Repetitions and Statistics¤
Each scenario runs multiple repetitions. The median result is selected to reduce sensitivity to outlier runs (cold caches, GC pauses, etc.).
Statistical analysis uses:
- Coefficient of Variation (CV): Measurement stability check — CV < 10% required for publishable results
- Bootstrap CI: 95% confidence intervals via 1000 bootstrap resamples (
calibrax.bootstrap_ci) - Threshold-based regression detection: Direction-aware comparison against baseline (
calibrax.detect_regressions). Default threshold is 5% — see Dashboard & calibrax for details - Modified Z-score: Outlier detection using MAD-based robust statistics
Fairness Principles¤
- Same data: All frameworks process identical synthetic datasets
- Same hardware: All frameworks run on the same machine in sequence
- Cache clearing: JAX caches, Python GC, and CUDA memory cleared between framework runs
- Supported scenarios only: Each framework runs only the scenarios it supports (no penalty for missing features)
- Equal transforms: Each adapter implements the same transforms required by a scenario (e.g., CV-1 requires Normalize + CastToFloat32).
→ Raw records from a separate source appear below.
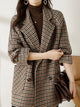 Women's houndstooth blazer coat with notched lapels and button front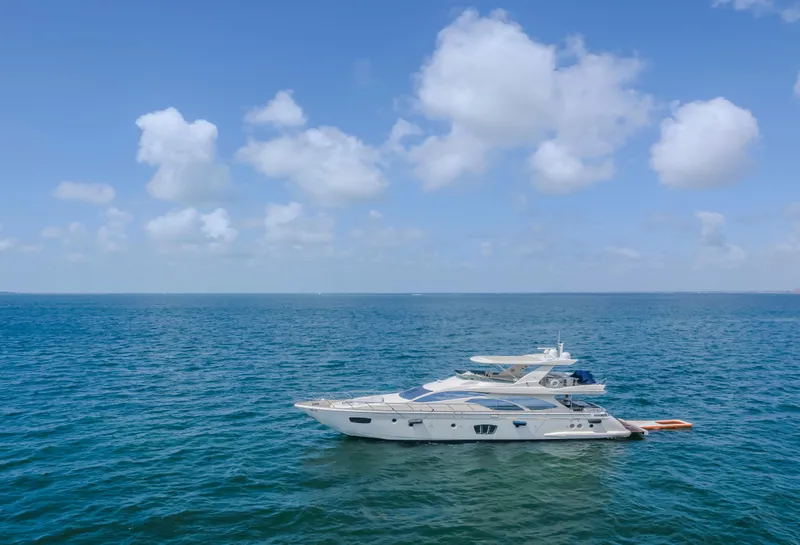 Slide: The Image of 2008 Azimut Flybridge yacht on open sea under blue sky. - 13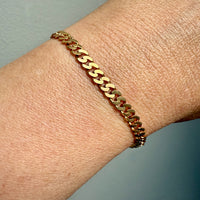 Gold chain bracelet on a wrist with a neutral background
Adapters that cannot implement a scenario's transforms are excluded from that scenario rather than measured with less work
- Profile-gated defaults: Hardware profile scenario include/exclude lists are applied by default; explicit
--scenariosoverrides profile gating - Backend truth: Each manifest records both
requested_platformandactive_backend; mismatches fail validation in the automated Vast workflow - Two fairness lenses:
- Same-backend head-to-head: compare frameworks only on the shared supported-scenario intersection.
- Native-optimal capability: evaluate each framework on scenarios that reflect its best native path.
- Provisioning determinism: Automated Vast runs pin a named cluster, validate hardware/backend before benchmarking, and apply timeout -> status check -> same-cluster retry before optional fallback.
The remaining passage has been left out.